映画FGOキャメロット後編|ネタバレ感想と評価解説。ラスト結末で劇場版Fate/GrandOrder神聖円卓領域キャメロットの謎が解明された集大成

  • Writer :
  • 秋國まゆ

スマートゲームアプリから生まれたファンタジーアニメ『劇場版 Fate/Grand Order 神聖円卓領域キャメロット後編 Paladin; Agateram』のご紹介

荒井和人が監督を務め、2021年に大人気スマートフォン向けゲームアプリ『Fate/Grand Order』を、劇場版アニメ化として製作したファンタジーアニメ映画、『劇場版 Fate/Grand Order 神聖円卓領域キャメロット 後編 Paladin; Agateram』。

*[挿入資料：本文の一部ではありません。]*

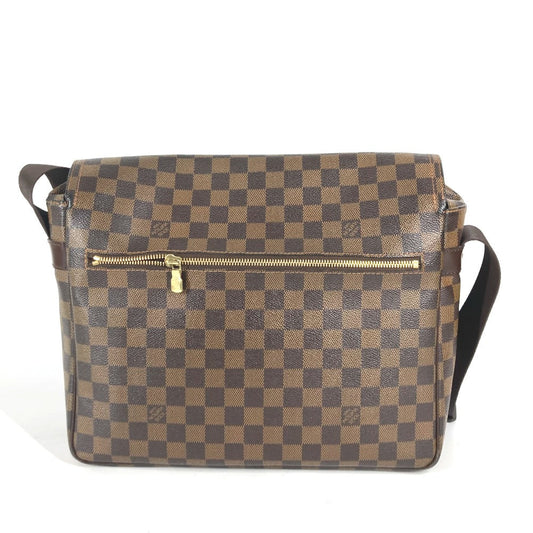 LOUIS VUITTON Shoulder Bag N51125 Damier canvas Brown Damier Messenger Melwil Women Used Authentic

白亜の城を築き民を殺戮する獅子王と円卓の騎士相手に、遍歴の騎士と主人公たちが他の勢力と手を組み、激闘を繰り広げていく姿とは、具体的にどんな内容だったのでしょうか。

『Fate/Grand Order』の中で人気のエピソード『第六特異点』を基に描く、2021年5月15日(土)に全国公開された奈須きのこ原作のファンタジーアニメ映画、『劇場版 Fate/Grand Order 神聖円卓領域キャメロット 後編 Paladin; Agateram』のネタバレあらすじを作品情報を交えてご紹介いたします。

映画『劇場版 Fate/Grand Order 神聖円卓領域キャメロット 後編 Paladin; Agateram』の作品情報


(C)TYPE-MOON / FGO6 ANIME PROJECT

【公開】
2021年(日本映画)

【原作】
奈須きのこ、TYPE-MOON

【監督】
荒井和人

【キャスト】
宮野真守、島崎信長、高橋李依、坂本真綾、川澄綾子、水島大宙、沢城みゆき、置鮎龍太郎、内山昂輝、安元洋貴、子安武人、田中美海、小松未可子、稲田徹、千本木彩花、鈴村健一

【作品概要】
アニメ映画『フリクリ プログレ』(2018)の荒井和人が監督を務めた、奈須きのことTYPE-MOON原作のファンタジーアニメ作品です。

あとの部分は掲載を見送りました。